Michelle: Is Fabtique your first ground level up venture?
Amber: Yes, this is first one and so far so good. It’s been a year and a half now. We’re having fun. I worked in Upper Arlington at the White House Black Market. I started working there and continued my journey through the management. And then I took a step back and came back to Columbus and contacted Pat Barker, who’s currently my business partner. She was looking for a passion project. She found this store in Cleveland didn’t think Columbus had anything that was quite like it and asked if I would move back to Columbus. I have retail experience as a store manager at White House, and she’s had a lot of retail experience. We had no idea of what it would take to run a business. We literally sat down with a piece of paper. We’d done a little research, and we sat down with that piece of paper. What are our bills going to be? I wish I’d kept this piece of paper! It literally listed lease, utilities, an estimated payroll, how many hours we would be open, how many managers did we need and just trying to pool any information that we had from our previous jobs. Then it turned into a spreadsheet. And everything just started falling into place. So it seemed so natural. It’s uncanny how our responsibilities fell into place. I took care of this and she took care of that.

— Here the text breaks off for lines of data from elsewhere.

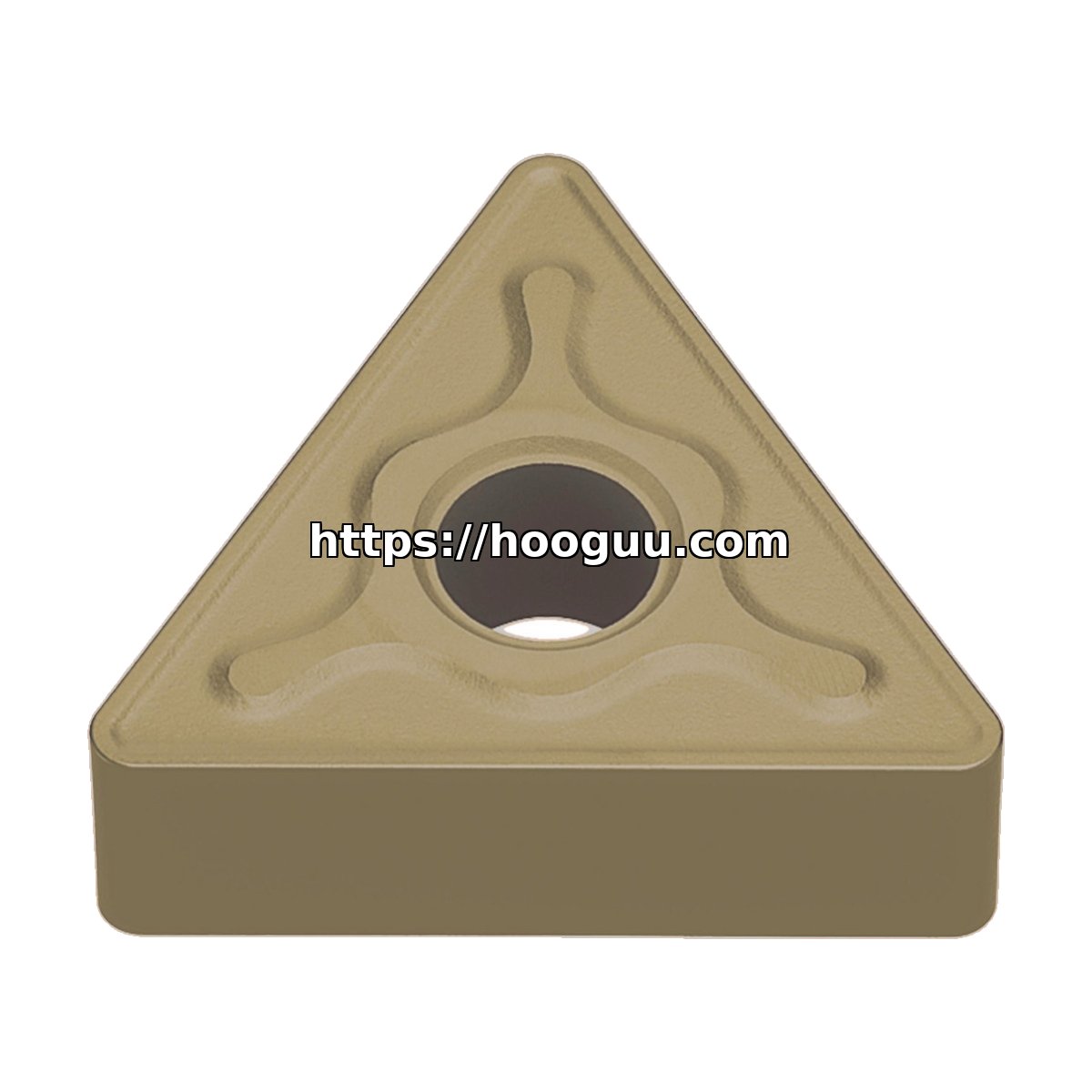 Original Mitsubishi TNMG433GH MC6115 Carbide Turning Insert - Triangle | Steel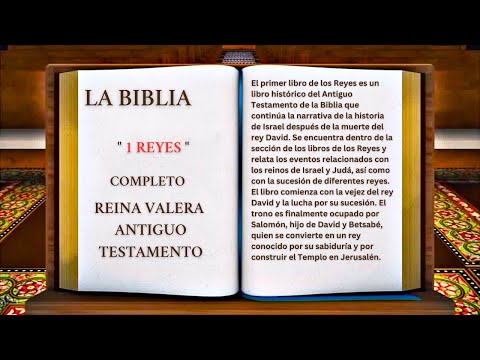 Reyes de la Biblia del Antiguo Testamento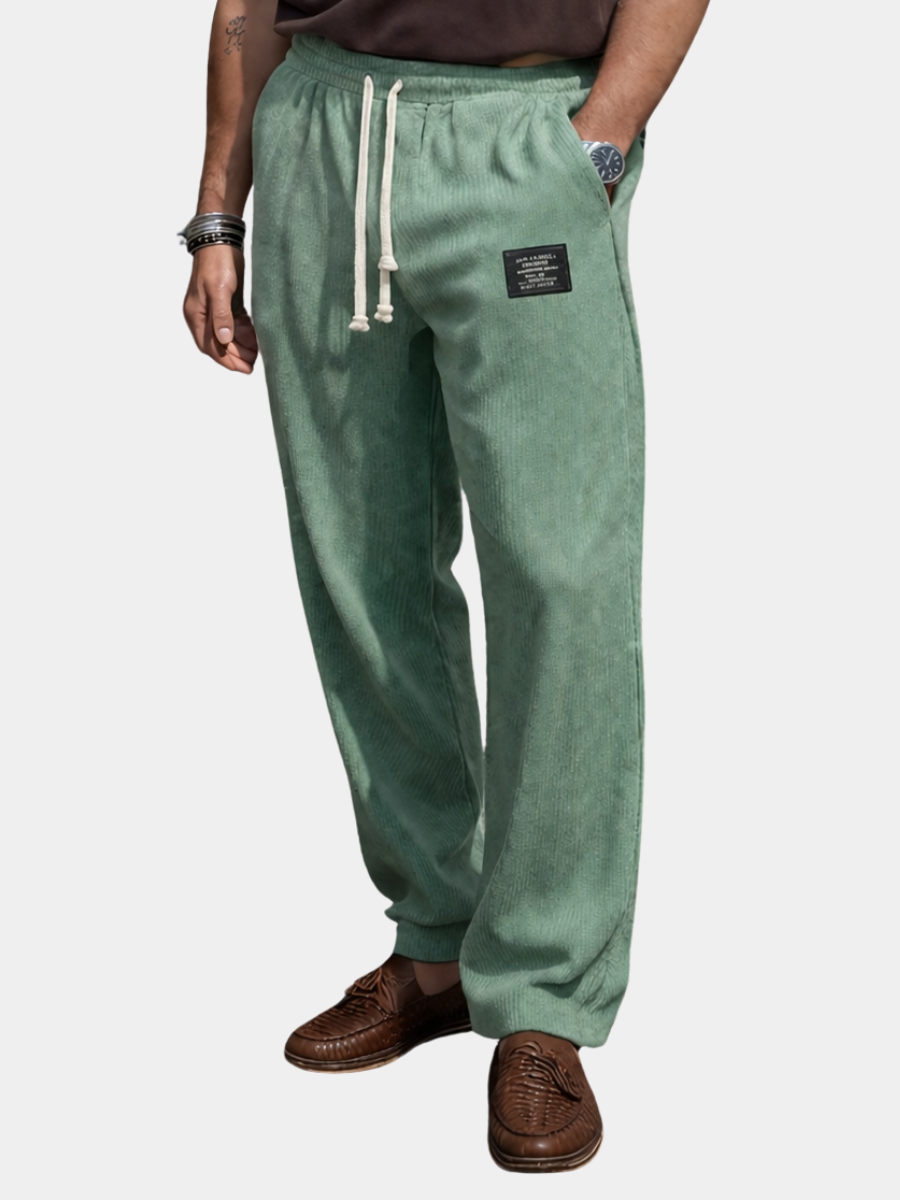 LAURENT MONACO | PANTALON CLASSIQUE POUR HOMMES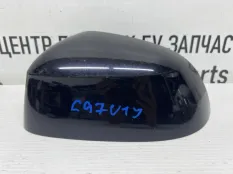 Крышка зеркала BMW X5 2019-2023 51168496623 G05, левая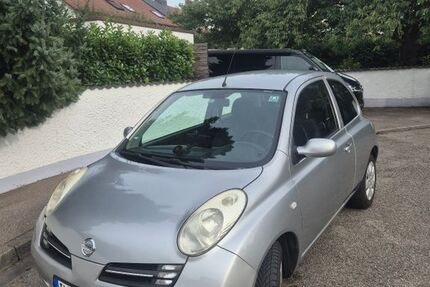 Nissan Micra 216.000 km 900 &euro; Ingolstadt 85053
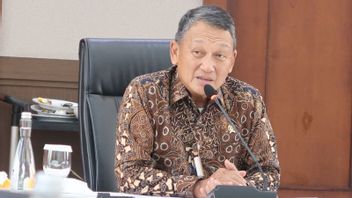 Minister Of Energy And Mineral Resources Expressed Indonesia's Steps To Suppress Fuel Imports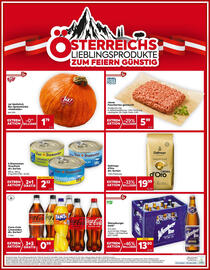 Billa Flugblatt woche 43 Seite 20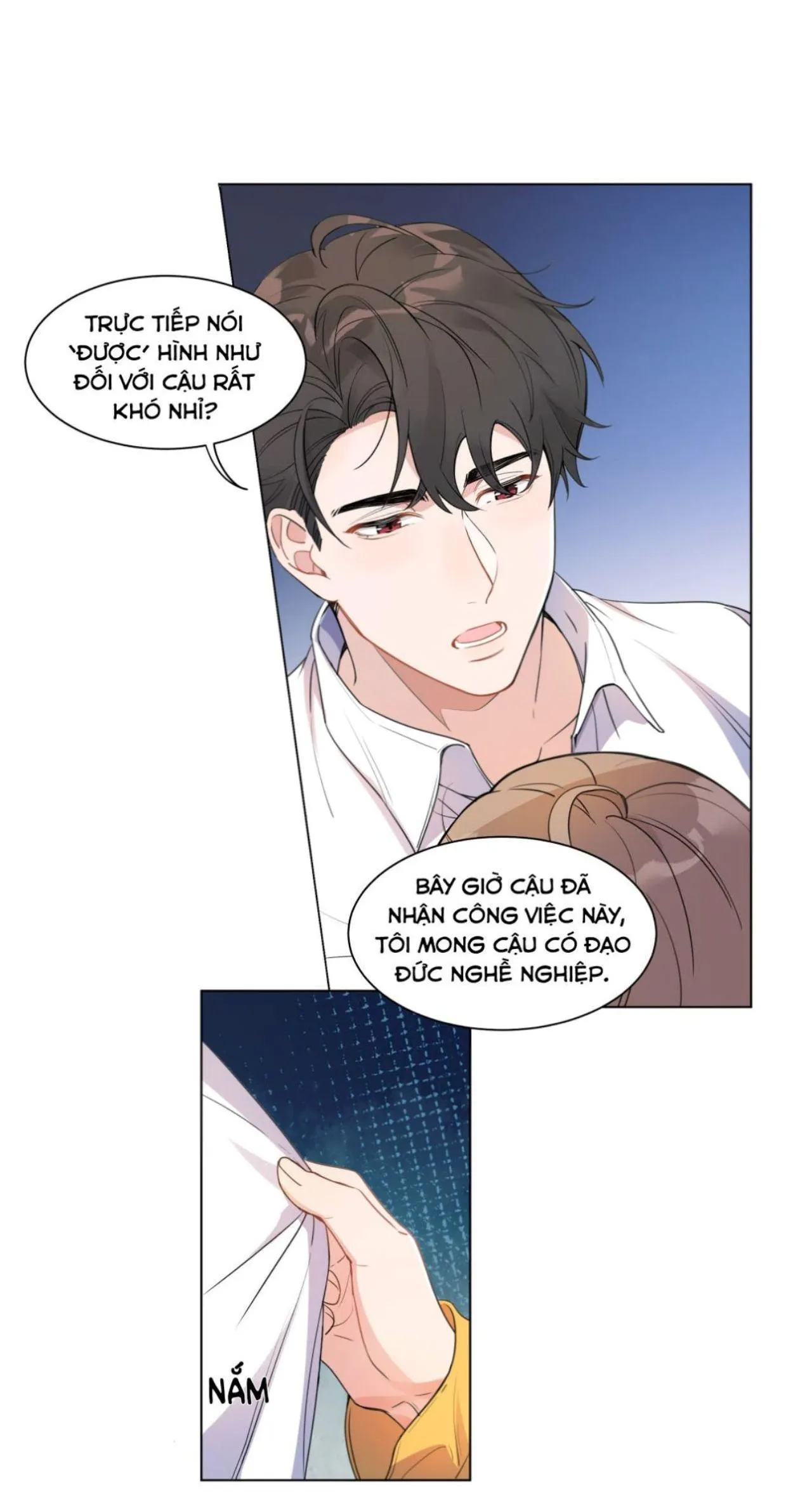 Scandal ngây thơ (END) Chapter 3 Trang 7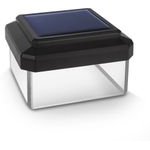 GreenBlue Garden Solar Lamp With Dusk Sensor 3 Sizes Terrace Solar Lamp - (GB127)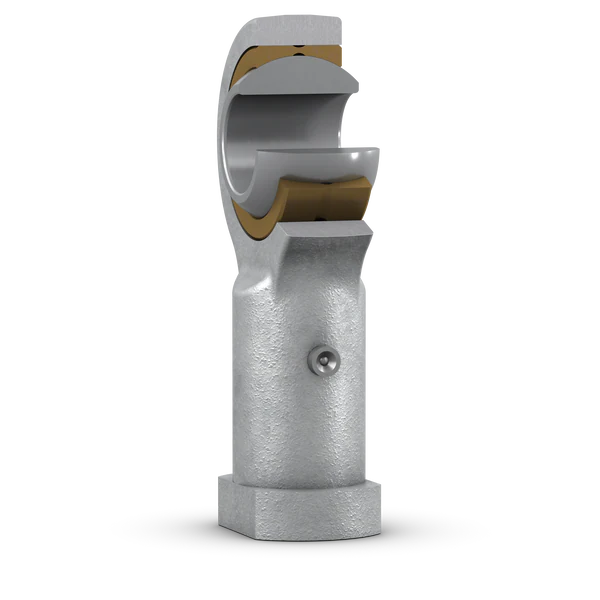 Наконечник штока, требует техобслуживания, с внутренней резьбой SKF SIKAC 10 M/VZ019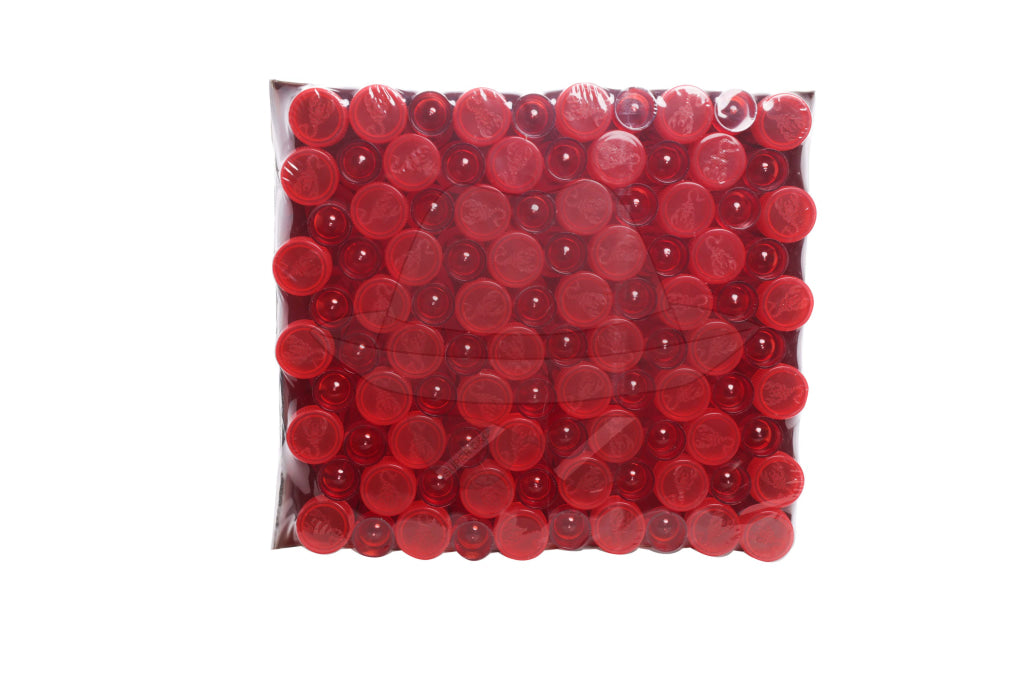 Plastic jar 23/80 -100ct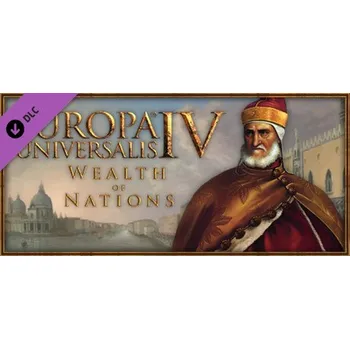 Počítačová hra Europa Universalis IV: Wealth of Nations (PC) (Steam)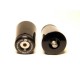 Embouts De Guidon R&G Pour Bmw F800s, F800st, R1200s
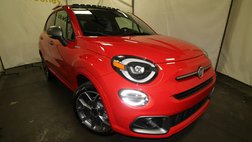 2020 Fiat 500X Sport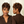 Bequeen Salt And Pepper 100% Human Hair Curly Wig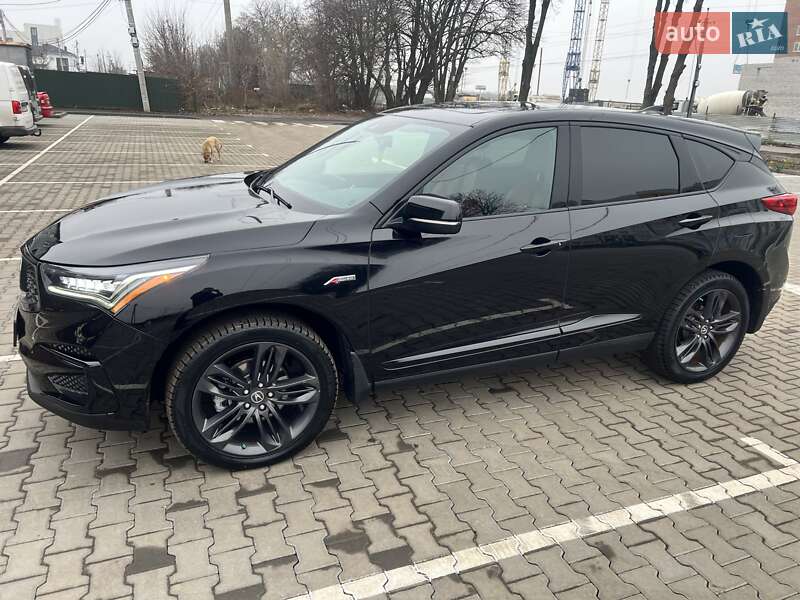 Внедорожник / Кроссовер Acura RDX 2018 в Виннице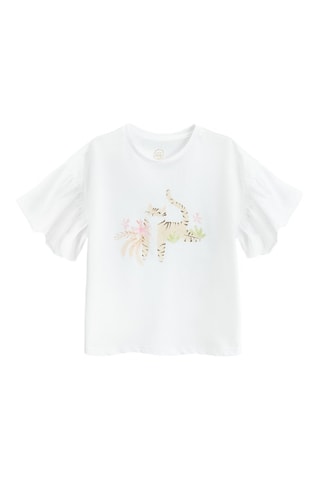 Blouse - Blanc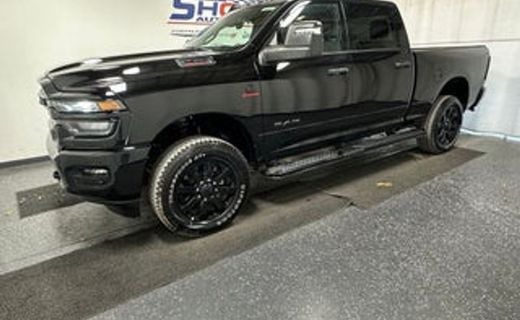 2026 Ram 2500 Tradesman
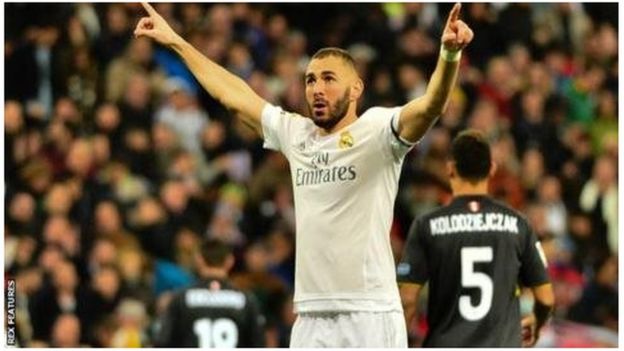 Arsenal itapata fursa ya kumsajili mshambuliaji wa Real Madrid Karim Benzema msimu ujao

Michelle: How nice it was so natural for both of you to make that work and not have a struggle.
Amber: I’m someone who has a lot of faith. When I left my full-time job to start a new experience, it was stepping out. And since then I’ve learned you go with your gut instinct and whether you call it fate or intuition, you go for it. We just sat down and decided to see where this takes us. It kept taking us to these great places of meeting someone to help us with the financial report, and meeting with someone who could help us with a graphic design, and meeting someone who was an architect, and someone who’s a photographer that can help us out. When you’re starting out there’s a lot of the things you have to do. And it’s expensive. You really know what you’re getting into. You have no idea what’s everything’s going to cost. The other big thing is not being afraid to go into it. Don’t be afraid to ask someone for fear of being laughed at. Most people are very willing to help.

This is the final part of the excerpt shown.